I’m not frustrated specifically by the egregious behaviour of this and other employers (well, I am, but not as much as the next bit), but more particularly by the fact that my partner, alongside others I care about like my sister and my best friend, are consistently taken advantage of at work and don’t feel they have the right or capability to put a stop to it. In the darkest moments it feels like it’s something that affects women disproportionately, because western society continues to encourage compliance and submissiveness in women. The result is that my otherwise very strong-willed partner makes excuses for her employer, brushes aside her own doubts and fears until much later, and all the while her employer gets to continue enjoying the financial benefits and lack of responsibility that comes with failing to treat your employees in line with their contractual rights. The service industry makes this far worse by the revolving door nature of its employment model: employees who would say something end up quitting before they muster the will to act, and the more meek employees then have no allies, so they say nothing, all the while thinking “well, I’ll be out of here soon so I’m not about to start trying to organise my colleagues”.

I’m at a loss, because it seems to be every job, and affects so many people I care about, even if I’m just describing my partner’s experiences here. My weird energy wants me to get up and either organise something for them (with the vain hope that it’ll balloon and become something much more impactful than one little restaurant), or otherwise go wild and act out the heavy outcomes of all those protests that never actually seem to go as far as rioting. Otherwise, I don’t know what to do, and it’s slowly draining me of my will to participate in this inhumane society. I’ve still got will remaining and I still want to do something (and since I’m on r/antiwork, I’m talking more than sending some letters and signing some petitions), but one person smashing stuff on their own isn’t a revolt, it’s civil disobedience and property damage. I probably can’t encourage violent activity here as that’s likely considered incitement to violence, but maybe I am allowed to say that if we woke up tomorrow to a choice selection of authority figures’ heads on spikes outside the Westminster, I’d not weep.

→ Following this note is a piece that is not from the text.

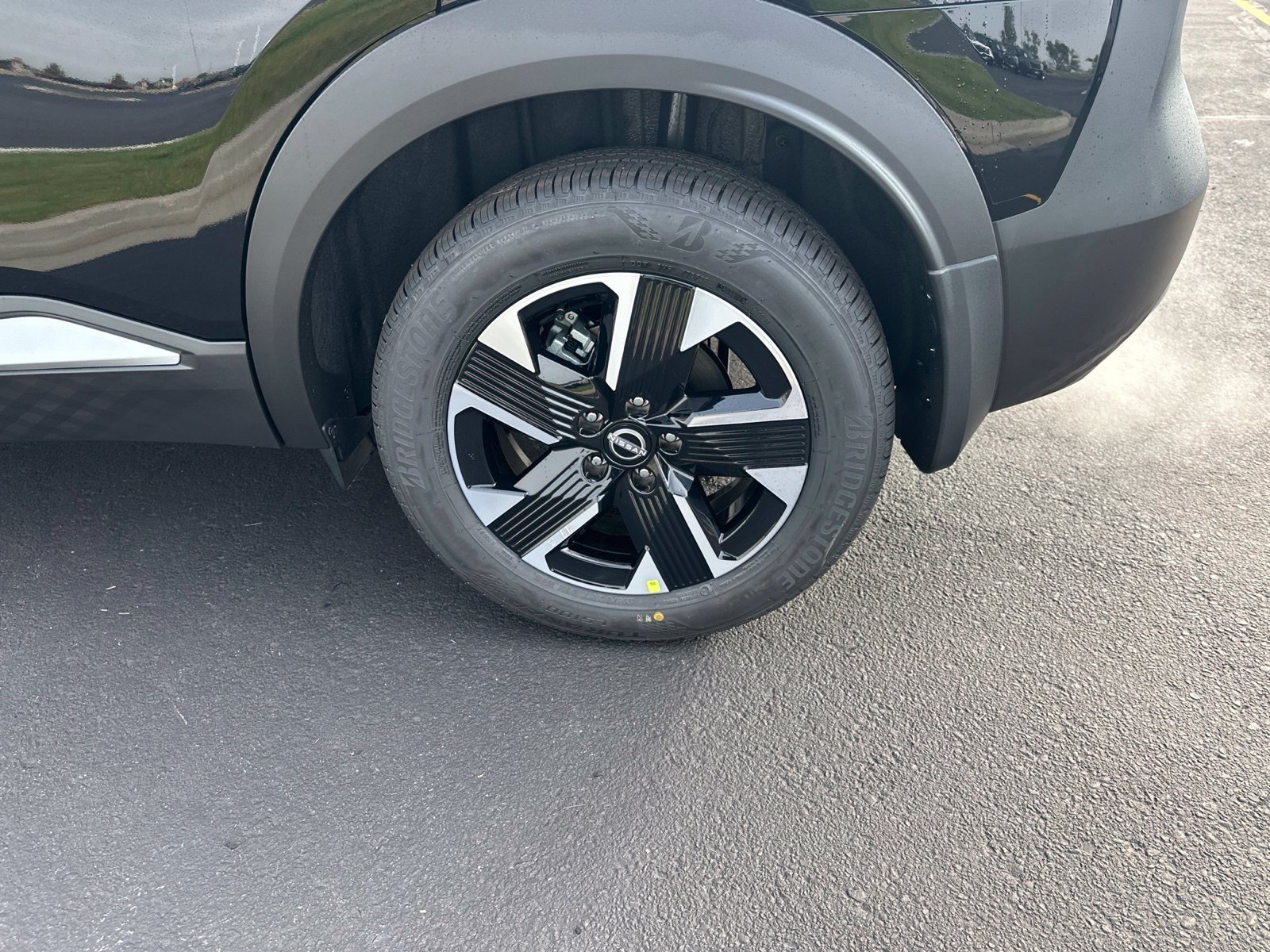 New 2027 Black Nissan SV image 8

The saddest part of this on a personal level is seeing my wilful, brave, determined and moral partner lose all of that to a feckless business owner who’d rather abuse their employees and replace them when they burn out than show a shred of human F***ING decency and treat their employees like the beings-with-rights they are. It’d be one thing to lose the love of an industry because a person grows and changes, but quite another to be effectively bullied out. I don’t know why I’ve written this diary entry, and I don’t really know why I’ve put it online, I think I just need to externalise all this, because otherwise I think I’d end up just going down that extreme path I described above. I am, however, at my wit’s end hearing about people being abused and mistreated at work, and watching employers get to just walk away, even benefit from it, at the psychological expense of the person most vulnerable in the situation.

Solutions? Can we try an industry-wide union that leans very heavily towards strikes and other industrial action? Can we as employees set a new standard of management behaviour, to the effect that being an untrained drill sergeant nitpicking the minutiae can be considered incompetence, rather than leadership? I would try anything because without trying something more tame like that, I can only think that this might change if the more exploited employees of the service industry (amongst others) adopted a more combative posture and took their rights, rather than waited to receive them.

Thanks for your patience in reading this frustrated ramble; if any of it resonates with you, then I’m very sorry, you deserve better than that.